Exercise directions. Would you please repeat the data that follows, exactly as it reads?

====== The records ======

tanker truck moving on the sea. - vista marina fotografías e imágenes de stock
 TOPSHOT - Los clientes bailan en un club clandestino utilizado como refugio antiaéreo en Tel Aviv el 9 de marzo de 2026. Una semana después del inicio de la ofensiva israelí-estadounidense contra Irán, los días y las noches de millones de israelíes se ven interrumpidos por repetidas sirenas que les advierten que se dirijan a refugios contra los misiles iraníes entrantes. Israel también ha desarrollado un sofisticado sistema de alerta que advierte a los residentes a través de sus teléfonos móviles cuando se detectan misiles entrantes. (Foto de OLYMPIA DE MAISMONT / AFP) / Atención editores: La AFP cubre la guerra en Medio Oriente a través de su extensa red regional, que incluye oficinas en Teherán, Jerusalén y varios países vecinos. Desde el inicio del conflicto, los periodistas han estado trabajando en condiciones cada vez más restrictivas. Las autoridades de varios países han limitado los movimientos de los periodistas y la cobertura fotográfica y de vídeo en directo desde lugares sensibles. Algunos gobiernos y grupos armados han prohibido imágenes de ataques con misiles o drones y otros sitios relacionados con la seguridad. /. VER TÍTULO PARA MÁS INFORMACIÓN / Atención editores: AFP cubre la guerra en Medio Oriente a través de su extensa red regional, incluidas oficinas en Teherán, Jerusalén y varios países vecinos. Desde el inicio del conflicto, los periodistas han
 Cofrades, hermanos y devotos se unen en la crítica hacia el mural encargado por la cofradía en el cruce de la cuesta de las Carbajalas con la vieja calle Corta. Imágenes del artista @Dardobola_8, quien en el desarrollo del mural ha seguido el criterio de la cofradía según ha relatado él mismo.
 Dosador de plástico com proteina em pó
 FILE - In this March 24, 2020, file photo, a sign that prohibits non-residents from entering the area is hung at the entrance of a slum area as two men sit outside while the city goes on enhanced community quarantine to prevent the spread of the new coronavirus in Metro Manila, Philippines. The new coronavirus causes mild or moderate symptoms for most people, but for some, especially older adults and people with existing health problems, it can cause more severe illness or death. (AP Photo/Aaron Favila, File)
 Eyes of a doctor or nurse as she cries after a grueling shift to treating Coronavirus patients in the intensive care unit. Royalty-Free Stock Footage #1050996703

======

Result of the exercise.
tanker truck moving on the sea. - vista marina fotografías e imágenes de stock
 TOPSHOT - Los clientes bailan en un club clandestino utilizado como refugio antiaéreo en Tel Aviv el 9 de marzo de 2026. Una semana después del inicio de la ofensiva israelí-estadounidense contra Irán, los días y las noches de millones de israelíes se ven interrumpidos por repetidas sirenas que les advierten que se dirijan a refugios contra los misiles iraníes entrantes. Israel también ha desarrollado un sofisticado sistema de alerta que advierte a los residentes a través de sus teléfonos móviles cuando se detectan misiles entrantes. (Foto de OLYMPIA DE MAISMONT / AFP) / Atención editores: La AFP cubre la guerra en Medio Oriente a través de su extensa red regional, que incluye oficinas en Teherán, Jerusalén y varios países vecinos. Desde el inicio del conflicto, los periodistas han estado trabajando en condiciones cada vez más restrictivas. Las autoridades de varios países han limitado los movimientos de los periodistas y la cobertura fotográfica y de vídeo en directo desde lugares sensibles. Algunos gobiernos y grupos armados han prohibido imágenes de ataques con misiles o drones y otros sitios relacionados con la seguridad. /. VER TÍTULO PARA MÁS INFORMACIÓN / Atención editores: AFP cubre la guerra en Medio Oriente a través de su extensa red regional, incluidas oficinas en Teherán, Jerusalén y varios países vecinos. Desde el inicio del conflicto, los periodistas han
 Cofrades, hermanos y devotos se unen en la crítica hacia el mural encargado por la cofradía en el cruce de la cuesta de las Carbajalas con la vieja calle Corta. Imágenes del artista @Dardobola_8, quien en el desarrollo del mural ha seguido el criterio de la cofradía según ha relatado él mismo.
 Dosador de plástico com proteina em pó
 FILE - In this March 24, 2020, file photo, a sign that prohibits non-residents from entering the area is hung at the entrance of a slum area as two men sit outside while the city goes on enhanced community quarantine to prevent the spread of the new coronavirus in Metro Manila, Philippines. The new coronavirus causes mild or moderate symptoms for most people, but for some, especially older adults and people with existing health problems, it can cause more severe illness or death. (AP Photo/Aaron Favila, File)
 Eyes of a doctor or nurse as she cries after a grueling shift to treating Coronavirus patients in the intensive care unit. Royalty-Free Stock Footage #1050996703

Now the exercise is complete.